Verification and Validation in V-model
verification
- whether the software conforms the specification
- finds bugs in dev
- output is software arch e.t.c
- QA team does verification and make sure the software matches requirements in SRS.
- it comes before validation
validation
- it’s about test, e.g. black box test, white box test, non-functional test
- it can find bugs which is not catched by verification
- output is an actual product
V-model is an extension of waterfull model. The phases of testing are categorised as “Validation Phase” and that of development as “Verification Phase”
how simulation helps ?
- for validation to cover known and rara critical scenarios.
- for verification to test whether the component function as expected
model based to data driven
methodlogy | completeness | known | 0-error-gurantee | iterable | example |
---|---|---|---|---|---|
model based | 1 | 1 | 1 | 0 | NASA |
data driven | 0 | 0 | 0 | 1 | Tesla Motor |
with traditionally vehicle/airspace development, the system team first clearly define all requirements from different stakeholders and different departments, which may take a long time; then split to use cases, which is garanteed to be complete and all-known set, and garantee zero-error, the engineers just make sure each new development can meet each special verification. the general product design cycle is 3 ~ 5 years, and once it release to market, there is little chance to upgrade, except back to dealer shops.
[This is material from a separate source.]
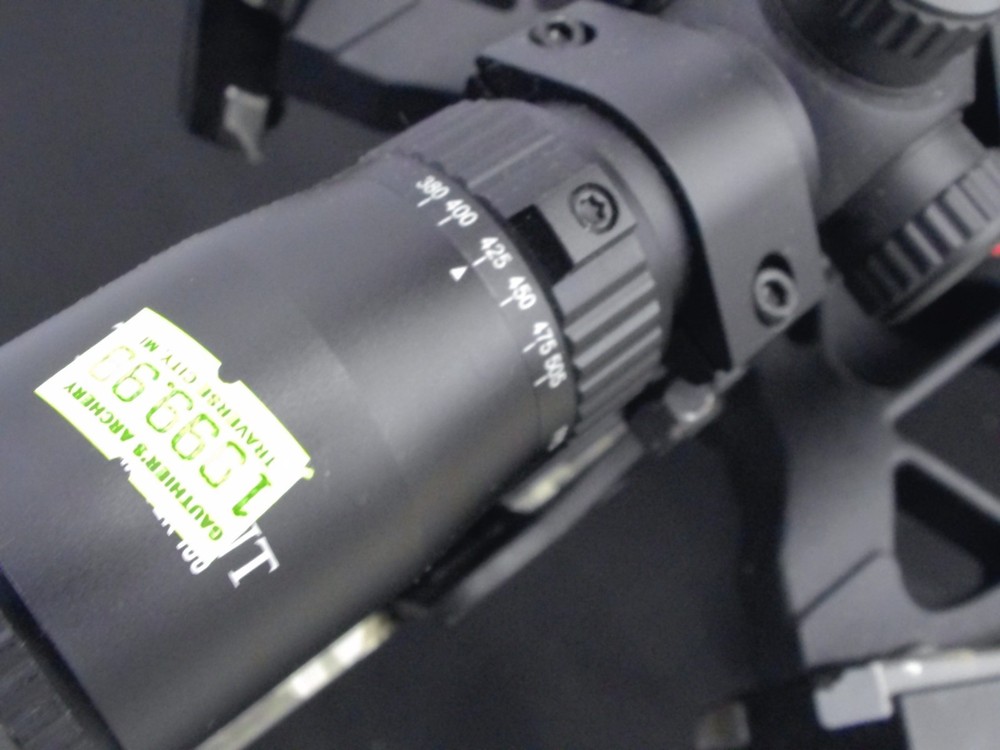 Tenpoint Siege 425 Crossbow ACUSLIDE W/100YD SCOPE- NWT - NEEDS STRING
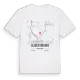 Gelderswoude karta t-shirt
model based mindset need to control everything at the very beginning, to build a clear but validatable super complex system at very first, even it takes long long time. and the development stage can be a minor engineering process with a matured project driven management team.
the goods of model based mindset is it strongly gurantee known requirements(including safety) is satisfied, while the drawback is it lose flexibility, slow response to new requirements, which means lose market at end.
to validate model based design ADS system, usually it highlights the full-cover or completeness of test cases, which usually can be pre-defined in semantic format(.xml) during system requirement stage. then using a validation system(e.g. a simulator) to parse the semantic test cases, and produce, run and analysis the test scenarios automatically.
in data driven ADS system, the system verification and validation strongly depends on valid data.
1) data quantity and quality. as the data set can cover as many as plenty kinds of different scenarios, it’s high qualitied; while if the data set have millions frames of single lane high way driving, it doesn’t teach the (sub)system a lot really.
2) failure case data, which is most valueable during dev. usually the road test team record the whole data from sensor input to control output, as well as many intermediate outputs. what means a failure case, is the (sub)system (real) output doesn’t correspond to expected (ideal) output, which is a clue saying something wrong or miss-handled of the current-version ADS system. of course, there are large mount of normal case data.
3) ground truth(G.T.) data, to tell the case as either normal or failure, needs an evaluation standard, namely GT data. there are different ways to get GT data in RD stage and massive-producing stage. in RD stage, we can build a GT data collecting vehicle, which is expensive but highly-valued, of course it’s better to automatically generate G.T. data, but manually check is almost a mandatory. a low-efficient but common way to get GT data by testing driver’s eye. after data collection, usually there is off-line data processing with the event log by the driver. so the offline processing can label scenarios as normal case or failure case, usually we care more about failure case. in massive-producing stage, there is no GT data collecting hardware, but there is massive data source to get a very high-confidence classifer of failure or normal.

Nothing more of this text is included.